PROBLEM REQUIREMENTS: The entries that follow include a run beginning at the line with "Immunohistochemistry - COPS5" and ending at the line with "The texture of my penis"; restate that run word for word and leave the rest out.

EXTRACTED DATA:
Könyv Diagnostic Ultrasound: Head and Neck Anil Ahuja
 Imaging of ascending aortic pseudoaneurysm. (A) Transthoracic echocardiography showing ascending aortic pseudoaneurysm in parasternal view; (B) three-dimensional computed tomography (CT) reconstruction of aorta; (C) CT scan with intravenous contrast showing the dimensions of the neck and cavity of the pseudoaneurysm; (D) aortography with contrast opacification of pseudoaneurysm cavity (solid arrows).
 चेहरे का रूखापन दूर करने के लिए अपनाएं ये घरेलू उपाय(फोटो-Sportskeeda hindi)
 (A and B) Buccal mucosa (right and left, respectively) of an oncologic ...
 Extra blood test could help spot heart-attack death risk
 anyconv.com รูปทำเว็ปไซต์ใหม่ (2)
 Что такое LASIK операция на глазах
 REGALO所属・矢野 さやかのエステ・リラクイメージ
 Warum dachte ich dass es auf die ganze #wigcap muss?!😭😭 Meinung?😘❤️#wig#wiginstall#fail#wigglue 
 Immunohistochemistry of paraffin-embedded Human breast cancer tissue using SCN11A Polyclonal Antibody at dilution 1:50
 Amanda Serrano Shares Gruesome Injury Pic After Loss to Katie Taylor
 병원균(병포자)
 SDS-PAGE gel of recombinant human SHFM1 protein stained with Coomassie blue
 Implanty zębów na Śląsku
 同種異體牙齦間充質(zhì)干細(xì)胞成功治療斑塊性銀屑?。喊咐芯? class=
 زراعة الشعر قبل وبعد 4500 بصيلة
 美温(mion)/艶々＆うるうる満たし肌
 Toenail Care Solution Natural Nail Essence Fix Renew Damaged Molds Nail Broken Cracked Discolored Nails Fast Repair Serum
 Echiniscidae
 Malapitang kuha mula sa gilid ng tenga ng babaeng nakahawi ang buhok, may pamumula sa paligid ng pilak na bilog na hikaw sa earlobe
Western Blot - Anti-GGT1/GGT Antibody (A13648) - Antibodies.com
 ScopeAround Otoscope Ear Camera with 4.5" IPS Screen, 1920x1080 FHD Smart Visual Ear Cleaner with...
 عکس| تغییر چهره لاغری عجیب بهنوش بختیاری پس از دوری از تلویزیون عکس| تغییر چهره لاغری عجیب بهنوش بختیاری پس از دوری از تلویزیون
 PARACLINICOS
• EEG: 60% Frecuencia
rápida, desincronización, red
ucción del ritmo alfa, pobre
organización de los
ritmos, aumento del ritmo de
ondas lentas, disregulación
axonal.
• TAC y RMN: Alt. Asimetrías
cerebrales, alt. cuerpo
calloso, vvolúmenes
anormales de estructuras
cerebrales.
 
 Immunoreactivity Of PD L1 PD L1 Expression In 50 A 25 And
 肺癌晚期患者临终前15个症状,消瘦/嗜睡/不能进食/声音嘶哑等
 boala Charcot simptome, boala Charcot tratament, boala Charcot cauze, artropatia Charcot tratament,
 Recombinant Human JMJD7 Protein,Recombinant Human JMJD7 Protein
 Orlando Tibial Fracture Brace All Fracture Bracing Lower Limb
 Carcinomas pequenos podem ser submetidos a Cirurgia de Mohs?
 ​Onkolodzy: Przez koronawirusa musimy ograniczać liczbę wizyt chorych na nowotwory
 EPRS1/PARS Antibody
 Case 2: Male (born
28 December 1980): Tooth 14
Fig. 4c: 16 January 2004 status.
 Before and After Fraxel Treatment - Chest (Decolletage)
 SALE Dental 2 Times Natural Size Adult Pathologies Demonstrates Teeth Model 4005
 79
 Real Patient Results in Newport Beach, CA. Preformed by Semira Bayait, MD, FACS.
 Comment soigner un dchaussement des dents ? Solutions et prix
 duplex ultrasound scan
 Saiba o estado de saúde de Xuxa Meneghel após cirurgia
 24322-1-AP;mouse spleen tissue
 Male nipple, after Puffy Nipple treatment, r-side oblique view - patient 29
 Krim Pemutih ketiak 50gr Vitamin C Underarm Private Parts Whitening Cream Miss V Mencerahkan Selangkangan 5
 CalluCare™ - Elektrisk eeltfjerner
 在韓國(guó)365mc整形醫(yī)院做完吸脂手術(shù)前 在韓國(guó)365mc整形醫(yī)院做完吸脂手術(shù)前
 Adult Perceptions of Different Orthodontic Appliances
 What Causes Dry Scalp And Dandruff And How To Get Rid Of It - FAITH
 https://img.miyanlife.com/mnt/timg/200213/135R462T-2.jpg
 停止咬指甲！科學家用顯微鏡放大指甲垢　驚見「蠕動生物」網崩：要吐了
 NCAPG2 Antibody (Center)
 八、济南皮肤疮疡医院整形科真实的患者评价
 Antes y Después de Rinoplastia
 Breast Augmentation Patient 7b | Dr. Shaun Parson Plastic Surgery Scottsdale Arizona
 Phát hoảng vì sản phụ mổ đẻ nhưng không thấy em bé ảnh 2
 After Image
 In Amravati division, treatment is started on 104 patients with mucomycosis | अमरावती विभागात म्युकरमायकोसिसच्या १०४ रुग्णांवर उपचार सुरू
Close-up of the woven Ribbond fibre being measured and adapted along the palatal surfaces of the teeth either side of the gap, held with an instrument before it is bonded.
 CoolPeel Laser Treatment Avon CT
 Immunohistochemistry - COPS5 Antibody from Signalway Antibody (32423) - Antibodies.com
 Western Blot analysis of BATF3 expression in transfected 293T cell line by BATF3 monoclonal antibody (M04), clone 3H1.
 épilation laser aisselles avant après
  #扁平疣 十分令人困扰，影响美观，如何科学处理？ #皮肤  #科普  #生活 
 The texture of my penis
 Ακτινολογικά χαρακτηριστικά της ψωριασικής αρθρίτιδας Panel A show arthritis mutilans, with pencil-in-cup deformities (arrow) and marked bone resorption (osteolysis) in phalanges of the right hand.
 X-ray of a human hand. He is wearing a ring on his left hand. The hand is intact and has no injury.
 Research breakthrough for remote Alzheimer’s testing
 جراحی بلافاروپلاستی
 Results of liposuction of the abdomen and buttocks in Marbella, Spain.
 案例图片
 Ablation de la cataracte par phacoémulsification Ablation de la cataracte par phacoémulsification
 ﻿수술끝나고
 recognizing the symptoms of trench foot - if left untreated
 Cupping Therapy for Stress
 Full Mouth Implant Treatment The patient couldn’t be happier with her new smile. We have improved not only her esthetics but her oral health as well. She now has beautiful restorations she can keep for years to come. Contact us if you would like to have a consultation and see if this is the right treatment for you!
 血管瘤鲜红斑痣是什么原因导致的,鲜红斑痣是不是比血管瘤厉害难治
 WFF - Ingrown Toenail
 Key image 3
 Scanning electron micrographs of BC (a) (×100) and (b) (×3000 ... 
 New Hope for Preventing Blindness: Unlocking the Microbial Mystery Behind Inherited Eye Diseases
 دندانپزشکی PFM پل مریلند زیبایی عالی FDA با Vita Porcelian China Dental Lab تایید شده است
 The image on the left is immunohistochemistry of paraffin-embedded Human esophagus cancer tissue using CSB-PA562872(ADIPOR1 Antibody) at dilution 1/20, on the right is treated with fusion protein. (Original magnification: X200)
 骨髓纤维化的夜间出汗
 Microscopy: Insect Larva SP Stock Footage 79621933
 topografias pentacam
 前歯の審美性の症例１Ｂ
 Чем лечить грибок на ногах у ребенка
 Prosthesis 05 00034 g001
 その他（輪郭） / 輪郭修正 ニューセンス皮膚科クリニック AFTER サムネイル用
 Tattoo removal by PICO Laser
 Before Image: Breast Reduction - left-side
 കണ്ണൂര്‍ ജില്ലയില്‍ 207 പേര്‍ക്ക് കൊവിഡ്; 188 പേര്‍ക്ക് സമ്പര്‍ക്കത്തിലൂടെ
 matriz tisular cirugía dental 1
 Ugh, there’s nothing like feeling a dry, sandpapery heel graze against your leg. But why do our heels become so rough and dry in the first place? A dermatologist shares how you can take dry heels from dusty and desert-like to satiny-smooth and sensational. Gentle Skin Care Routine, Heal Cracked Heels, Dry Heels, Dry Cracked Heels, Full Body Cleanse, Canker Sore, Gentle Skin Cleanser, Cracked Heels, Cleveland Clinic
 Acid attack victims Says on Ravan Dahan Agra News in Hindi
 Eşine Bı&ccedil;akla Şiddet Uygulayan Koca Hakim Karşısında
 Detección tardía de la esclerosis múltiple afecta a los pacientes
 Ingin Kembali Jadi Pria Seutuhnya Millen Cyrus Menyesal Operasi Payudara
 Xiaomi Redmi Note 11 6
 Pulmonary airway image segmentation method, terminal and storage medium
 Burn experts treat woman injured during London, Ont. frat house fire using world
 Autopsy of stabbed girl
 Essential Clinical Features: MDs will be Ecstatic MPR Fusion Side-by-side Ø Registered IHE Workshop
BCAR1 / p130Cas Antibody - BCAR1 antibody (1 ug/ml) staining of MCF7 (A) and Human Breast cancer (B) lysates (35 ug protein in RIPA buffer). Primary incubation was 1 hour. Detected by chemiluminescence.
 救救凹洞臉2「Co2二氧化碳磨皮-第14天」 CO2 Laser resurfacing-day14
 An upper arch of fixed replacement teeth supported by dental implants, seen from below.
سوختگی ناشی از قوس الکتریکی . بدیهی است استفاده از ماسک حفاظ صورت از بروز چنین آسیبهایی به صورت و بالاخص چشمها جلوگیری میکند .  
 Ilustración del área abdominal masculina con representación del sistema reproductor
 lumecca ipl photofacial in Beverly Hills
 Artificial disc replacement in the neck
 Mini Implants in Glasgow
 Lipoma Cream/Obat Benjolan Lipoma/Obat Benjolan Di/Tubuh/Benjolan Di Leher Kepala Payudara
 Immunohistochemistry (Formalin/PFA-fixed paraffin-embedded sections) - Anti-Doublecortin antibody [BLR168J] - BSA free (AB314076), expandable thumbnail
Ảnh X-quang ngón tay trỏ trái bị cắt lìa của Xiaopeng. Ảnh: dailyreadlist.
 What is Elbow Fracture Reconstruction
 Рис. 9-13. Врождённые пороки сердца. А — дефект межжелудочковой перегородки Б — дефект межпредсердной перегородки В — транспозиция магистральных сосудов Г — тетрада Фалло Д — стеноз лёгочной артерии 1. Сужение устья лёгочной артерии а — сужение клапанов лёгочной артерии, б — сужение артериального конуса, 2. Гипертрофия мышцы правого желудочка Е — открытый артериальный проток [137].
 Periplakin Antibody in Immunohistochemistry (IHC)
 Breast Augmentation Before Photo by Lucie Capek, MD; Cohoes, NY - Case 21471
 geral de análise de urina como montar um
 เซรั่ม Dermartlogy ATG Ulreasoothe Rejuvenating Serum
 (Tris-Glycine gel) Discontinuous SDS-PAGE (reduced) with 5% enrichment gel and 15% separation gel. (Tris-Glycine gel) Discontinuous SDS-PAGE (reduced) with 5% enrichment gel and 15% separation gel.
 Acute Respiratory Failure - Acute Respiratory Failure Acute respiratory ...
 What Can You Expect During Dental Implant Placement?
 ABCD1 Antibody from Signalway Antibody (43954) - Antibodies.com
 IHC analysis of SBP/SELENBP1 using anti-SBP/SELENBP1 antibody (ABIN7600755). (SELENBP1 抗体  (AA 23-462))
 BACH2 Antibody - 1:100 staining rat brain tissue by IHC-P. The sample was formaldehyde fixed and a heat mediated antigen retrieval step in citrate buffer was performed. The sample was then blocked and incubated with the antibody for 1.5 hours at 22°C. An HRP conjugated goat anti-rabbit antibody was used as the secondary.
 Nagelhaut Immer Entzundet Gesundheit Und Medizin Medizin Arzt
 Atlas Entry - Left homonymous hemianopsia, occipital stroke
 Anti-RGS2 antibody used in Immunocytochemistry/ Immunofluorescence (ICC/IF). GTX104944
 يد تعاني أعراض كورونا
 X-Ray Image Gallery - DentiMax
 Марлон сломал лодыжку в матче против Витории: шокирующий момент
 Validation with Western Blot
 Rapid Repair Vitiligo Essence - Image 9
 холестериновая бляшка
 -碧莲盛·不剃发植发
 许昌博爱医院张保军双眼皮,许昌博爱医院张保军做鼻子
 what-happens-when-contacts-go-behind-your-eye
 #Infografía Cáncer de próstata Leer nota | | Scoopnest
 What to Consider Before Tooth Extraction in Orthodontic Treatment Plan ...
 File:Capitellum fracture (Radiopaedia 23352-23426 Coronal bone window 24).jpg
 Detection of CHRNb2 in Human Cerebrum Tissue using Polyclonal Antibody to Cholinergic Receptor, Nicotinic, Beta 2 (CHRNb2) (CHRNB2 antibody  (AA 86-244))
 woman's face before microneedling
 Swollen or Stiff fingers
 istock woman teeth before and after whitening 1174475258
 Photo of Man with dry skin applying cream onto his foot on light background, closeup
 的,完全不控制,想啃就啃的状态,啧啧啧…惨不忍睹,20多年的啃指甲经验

YOUR RESPONSE:
 Immunohistochemistry - COPS5 Antibody from Signalway Antibody (32423) - Antibodies.com
 Western Blot analysis of BATF3 expression in transfected 293T cell line by BATF3 monoclonal antibody (M04), clone 3H1.
 épilation laser aisselles avant après
  #扁平疣 十分令人困扰，影响美观，如何科学处理？ #皮肤  #科普  #生活 
 The texture of my penis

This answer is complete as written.